Assignment: Exclude the pictures, then copy word for word the lines running from the beginning of the records through the line with "STRATEGIES AND INITIATIVES".

····················

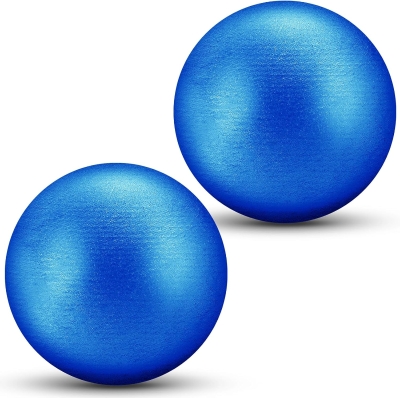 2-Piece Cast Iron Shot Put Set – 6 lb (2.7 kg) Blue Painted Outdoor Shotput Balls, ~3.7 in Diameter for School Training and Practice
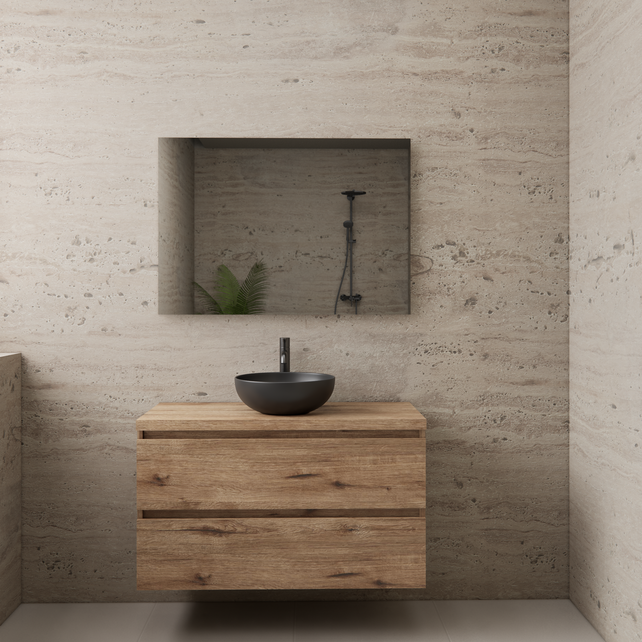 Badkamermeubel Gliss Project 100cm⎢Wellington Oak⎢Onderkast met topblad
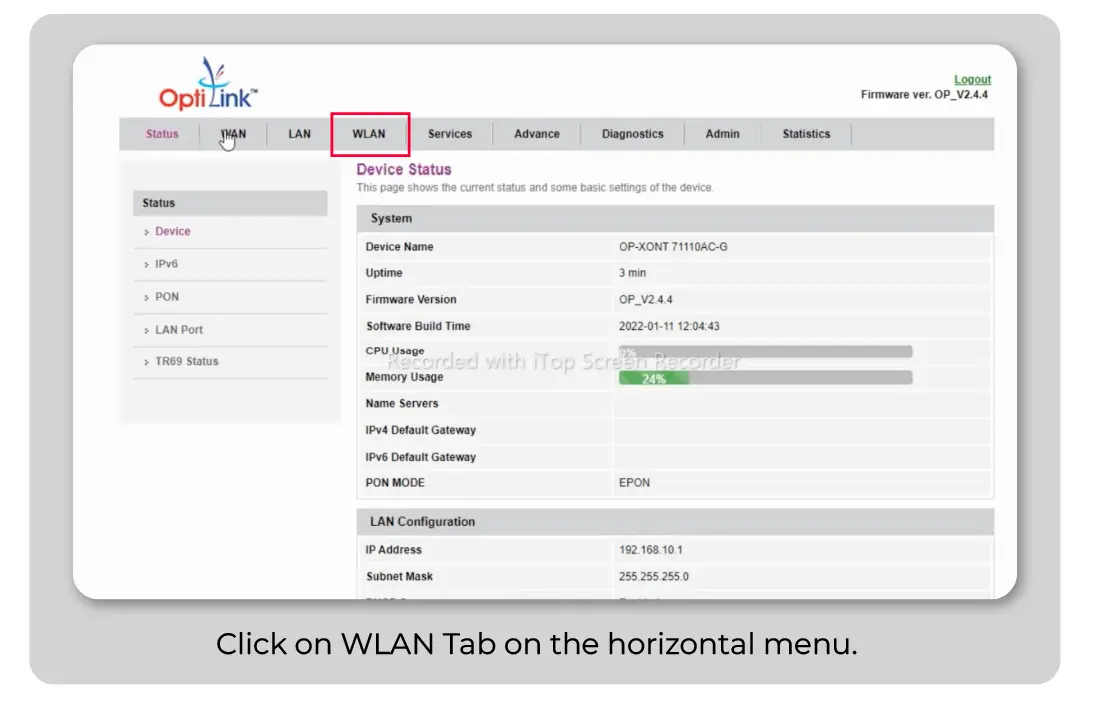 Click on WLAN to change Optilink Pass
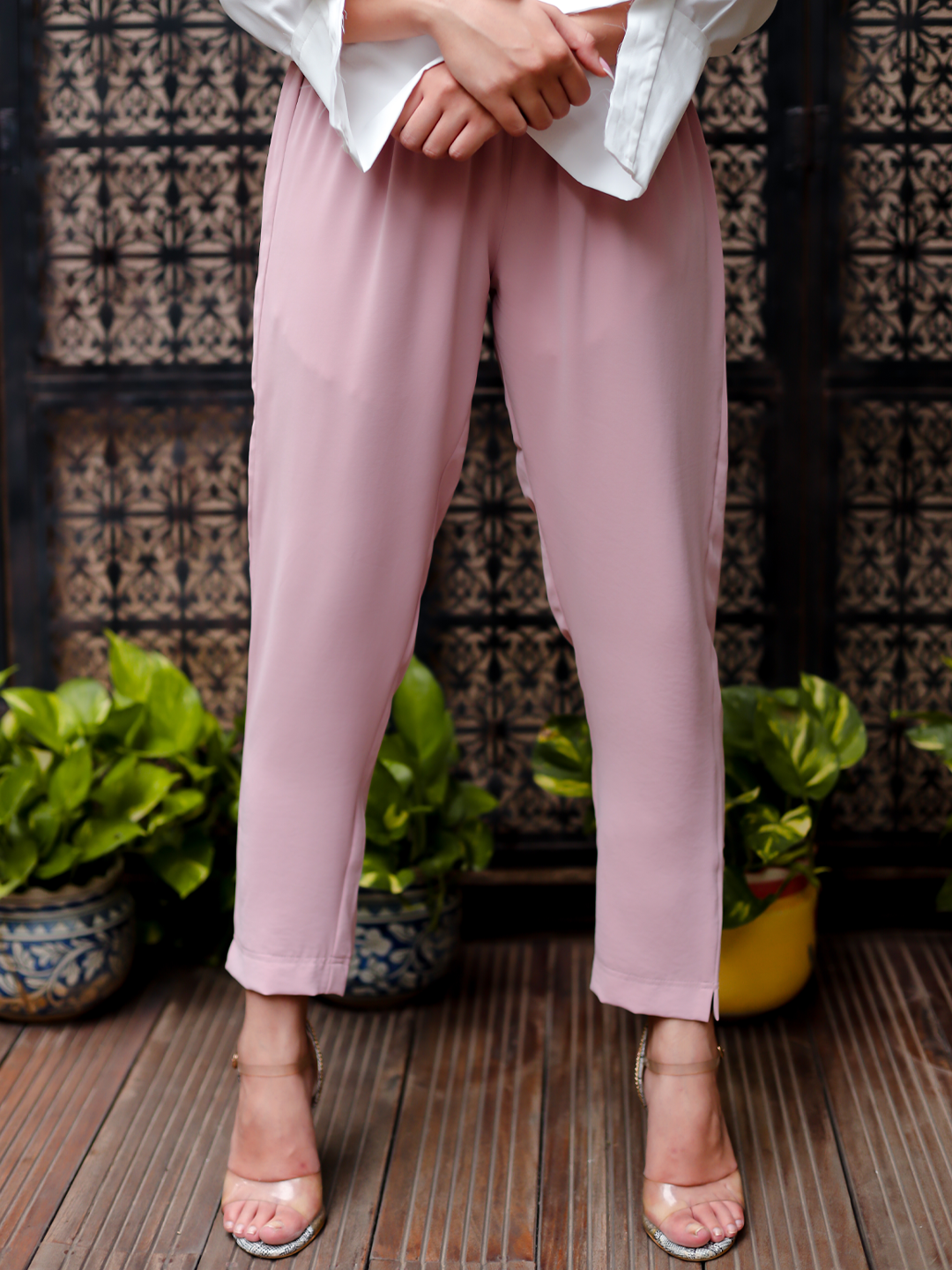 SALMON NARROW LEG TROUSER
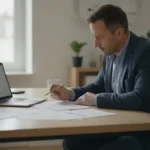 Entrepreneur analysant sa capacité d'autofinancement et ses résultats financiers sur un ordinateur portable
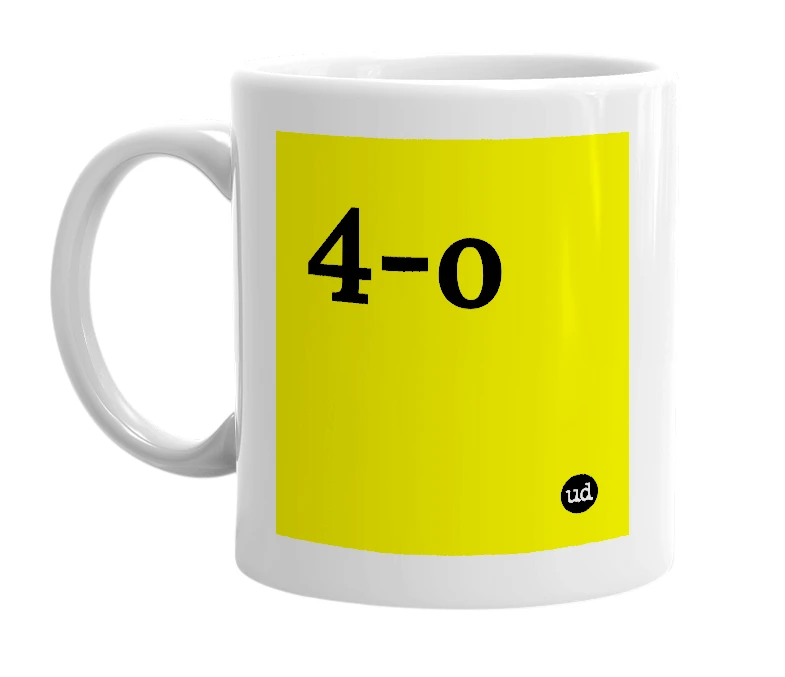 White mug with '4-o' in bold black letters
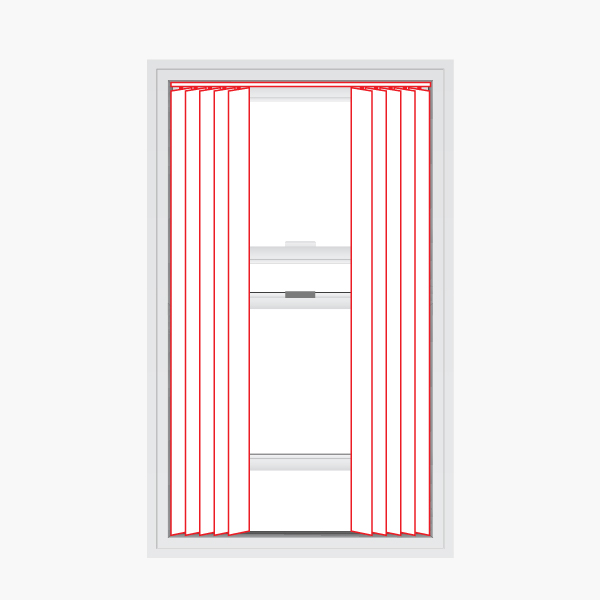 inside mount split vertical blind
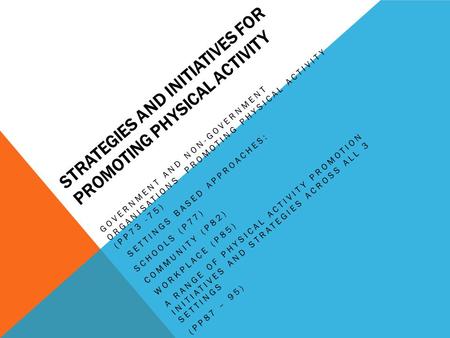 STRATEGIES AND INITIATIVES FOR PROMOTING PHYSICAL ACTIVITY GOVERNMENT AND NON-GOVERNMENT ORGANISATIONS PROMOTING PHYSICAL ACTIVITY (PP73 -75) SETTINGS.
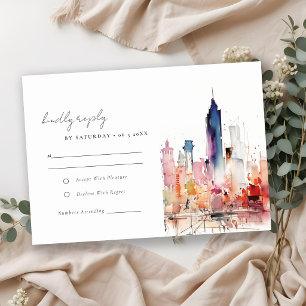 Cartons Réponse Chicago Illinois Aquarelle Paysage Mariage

····················

Response:
 2-Piece Cast Iron Shot Put Set – 6 lb (2.7 kg) Blue Painted Outdoor Shotput Balls, ~3.7 in Diameter for School Training and Practice
 Badkamermeubel Gliss Project 100cm⎢Wellington Oak⎢Onderkast met topblad
 Click on WLAN to change Optilink Pass
 SALMON NARROW LEG TROUSER
 Entrepreneur analysant sa capacité d'autofinancement et ses résultats financiers sur un ordinateur portable
 White mug with '4-o' in bold black letters
 inside mount split vertical blind
 STRATEGIES AND INITIATIVES FOR PROMOTING PHYSICAL ACTIVITY GOVERNMENT AND NON-GOVERNMENT ORGANISATIONS PROMOTING PHYSICAL ACTIVITY (PP73 -75) SETTINGS.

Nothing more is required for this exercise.